What are Capital businesses?
Small companies typically seek out capital businesses when they need financial support to take their business to the next level. Capital businesses provide money to companies or individuals for an exchange of repayment or equity.
Rather than taking out a loan, capital businesses invest since they see potential in a business.
This is not the case with loans since they are not make an investment off of the company. Today, we will look at two capital businesses to explain further what is the process of running one.
If you’re familiar with Shark Tank, then you have a pretty good idea of what a venture capitalist is.
Venture capitalists provide capital to businesses that wish to grow but do not have the funds to do so. They deem these businesses will become successful, and they sign to agree for an equity stake in exchange for money.
This is an investment for the venture capitalists as they do not know if the company will become as successful as they imagine. But if the company does become successful, part of the company will have to give profit to the venture capitalist.
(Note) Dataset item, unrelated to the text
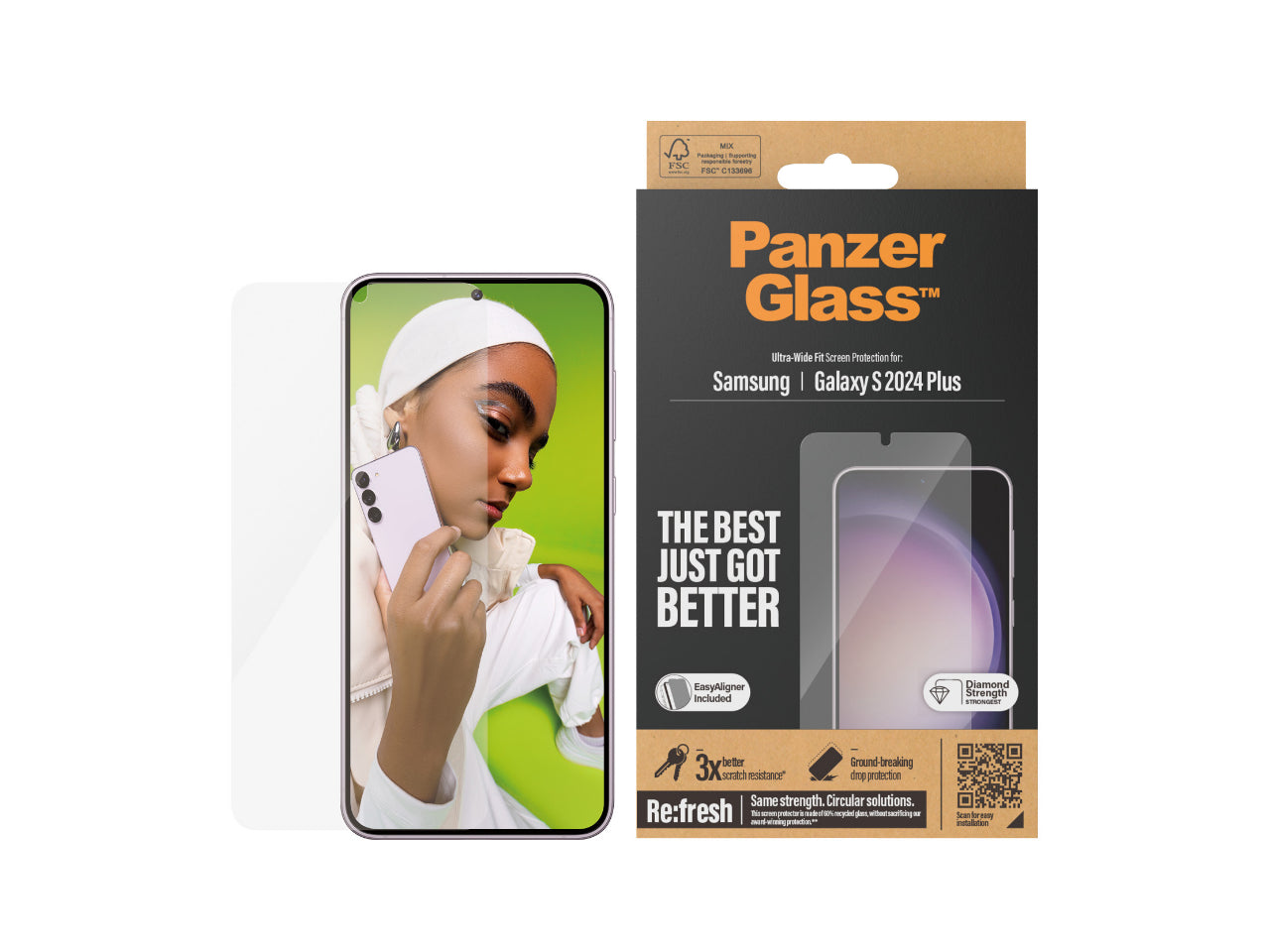 PanzerGlass UltraWide Fit w/ Aligner SP - Samsung GS24+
Rather than just giving them funds and taking interest on it, venture capitalists can make much more money than just giving them loans. This is why they need to do extensive research and see if their business and revenue models are worth investing in.
An angel investor provides funds for startups or established businesses in exchange for equity or debt. They are typically needed when startups need quick funding.
The difference between angel investors and venture capitalists is that they use their net worth to fund them while venture capitalists use an investment fund. They invest with the idea that your business will grow profitable with the help of capital. Therefore, they are motivated to help you succeed and give you advice along the way.
The downside of angel investors is that they typically will ask to own a large percentage of the company, which can potentially allow them to take over your business.